Actualités

Sénégal et Turquie : un nouveau pacte pour la surveillance des côtes

Le Sénégal entre dans une phase décisive pour la protection de ses eaux territoriales. Après avoir acté le retrait des forces françaises en 2024, Dakar se tourne désormais vers Ankara pour assurer une partie de la surveillance de sa façade maritime. Cette transition, portée par le duo présidentiel Bassirou Diomaye Faye et Ousmane Sonko, marque un tournant dans la stratégie sécuritaire du pays et interroge : ce changement représente-t-il une véritable avancée en matière de souveraineté, ou un simple changement de tutelle ?

Le Sénégal tourne définitivement la page de la coopération militaire française

L’arrivée au pouvoir du mouvement Pastef en avril 2024 a accéléré une recomposition des alliances du Sénégal. La fermeture définitive des bases militaires françaises, effective à l’été 2024, concrétise une promesse électorale : rompre avec les schémas de dépendance hérités de l’époque coloniale. La présence prolongée des forces françaises, autrefois symboles d’une coopération post-indépendance, était devenue un fardeau politique pour un gouvernement élu sur un discours de rupture et d’autonomie nationale.
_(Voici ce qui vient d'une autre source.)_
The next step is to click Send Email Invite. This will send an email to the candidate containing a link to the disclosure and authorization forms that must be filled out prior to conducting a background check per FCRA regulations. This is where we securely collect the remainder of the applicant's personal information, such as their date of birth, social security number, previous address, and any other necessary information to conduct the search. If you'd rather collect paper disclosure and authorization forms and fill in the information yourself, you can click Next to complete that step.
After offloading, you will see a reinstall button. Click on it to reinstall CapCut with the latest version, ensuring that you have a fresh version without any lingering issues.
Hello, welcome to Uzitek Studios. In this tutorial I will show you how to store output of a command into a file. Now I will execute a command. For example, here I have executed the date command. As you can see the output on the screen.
Le retrait des troupes françaises n’a pas laissé de vide stratégique. La Turquie, acteur en forte croissance sur le continent africain, a saisi cette opportunité avec une approche méthodique. Ankara propose désormais au Sénégal un appui technologique et opérationnel pour la surveillance maritime, un domaine clé pour un État dont la zone économique exclusive s’étend sur près de 158 000 km² et recèle des enjeux majeurs en matière de pêche, de migration et d’exploitation des ressources naturelles.
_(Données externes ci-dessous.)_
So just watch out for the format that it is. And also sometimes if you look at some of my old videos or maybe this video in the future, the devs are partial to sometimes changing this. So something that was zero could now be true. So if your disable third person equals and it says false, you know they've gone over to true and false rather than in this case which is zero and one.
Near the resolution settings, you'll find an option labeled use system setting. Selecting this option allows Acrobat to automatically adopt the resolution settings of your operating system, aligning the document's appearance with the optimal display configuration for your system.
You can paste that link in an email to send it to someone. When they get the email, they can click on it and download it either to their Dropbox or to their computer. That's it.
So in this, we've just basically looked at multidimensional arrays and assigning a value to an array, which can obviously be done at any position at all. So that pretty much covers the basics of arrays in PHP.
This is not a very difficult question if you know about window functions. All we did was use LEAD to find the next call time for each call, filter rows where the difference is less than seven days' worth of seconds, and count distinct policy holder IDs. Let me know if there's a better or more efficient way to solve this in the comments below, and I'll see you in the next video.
Ankara, un acteur incontournable de la sécurité maritime en Afrique de l’Ouest

Le choix de la Turquie n’est pas le fruit du hasard. Depuis une décennie, Ankara a transformé son industrie de défense en un outil d’influence géopolitique, à travers des entreprises comme Baykar, ASELSAN ou ARES Shipyard. Ces groupes, déjà implantés au Niger, en Tunisie, au Togo ou au Nigeria, renforcent la crédibilité d’Ankara comme fournisseur de solutions sécuritaires. Les drones Bayraktar TB2, exportés vers plus de trente pays, illustrent cette stratégie qui associe vente d’équipements, transfert de savoir-faire et formation des forces locales. Pour le Sénégal, cette collaboration pourrait se traduire par la fourniture de patrouilleurs modernes, de systèmes de surveillance avancés et de programmes de formation des équipages sénégalais.
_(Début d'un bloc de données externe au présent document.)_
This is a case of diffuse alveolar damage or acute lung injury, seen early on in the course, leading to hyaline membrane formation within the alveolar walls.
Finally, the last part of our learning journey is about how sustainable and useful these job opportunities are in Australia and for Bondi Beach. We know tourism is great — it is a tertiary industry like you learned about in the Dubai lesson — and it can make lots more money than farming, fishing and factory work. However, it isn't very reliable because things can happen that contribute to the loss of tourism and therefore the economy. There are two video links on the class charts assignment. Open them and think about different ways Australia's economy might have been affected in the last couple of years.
Cette dynamique s’inscrit dans un contexte régional tendu. Le golfe de Guinée figure parmi les zones maritimes les plus exposées au monde, confrontée à des défis persistants comme la piraterie, la pêche illicite ou les trafics transfrontaliers. Selon les estimations des organisations internationales, les pertes économiques liées à la pêche illégale, non déclarée et non réglementée (INN) s’élèvent à plusieurs milliards de dollars chaque année pour les pays d’Afrique de l’Ouest. Pour Dakar, sécuriser ses côtes relève donc d’une nécessité à la fois stratégique, économique et politique.

Un partenariat gagnant ? Entre souveraineté retrouvée et nouvelles dépendances

Le débat soulevé par ce rapprochement dépasse la simple question du remplacement d’un partenaire par un autre. Les observateurs soulignent que l’acquisition de capacités turques implique des engagements logistiques, des formations spécialisées et des contrats de maintenance à long terme, sources potentielles de nouvelles dépendances. L’exemple de la Libye, où Ankara a consolidé son influence après un soutien militaire décisif, alimente les craintes d’une substitution d’influence plutôt que d’une réelle autonomie.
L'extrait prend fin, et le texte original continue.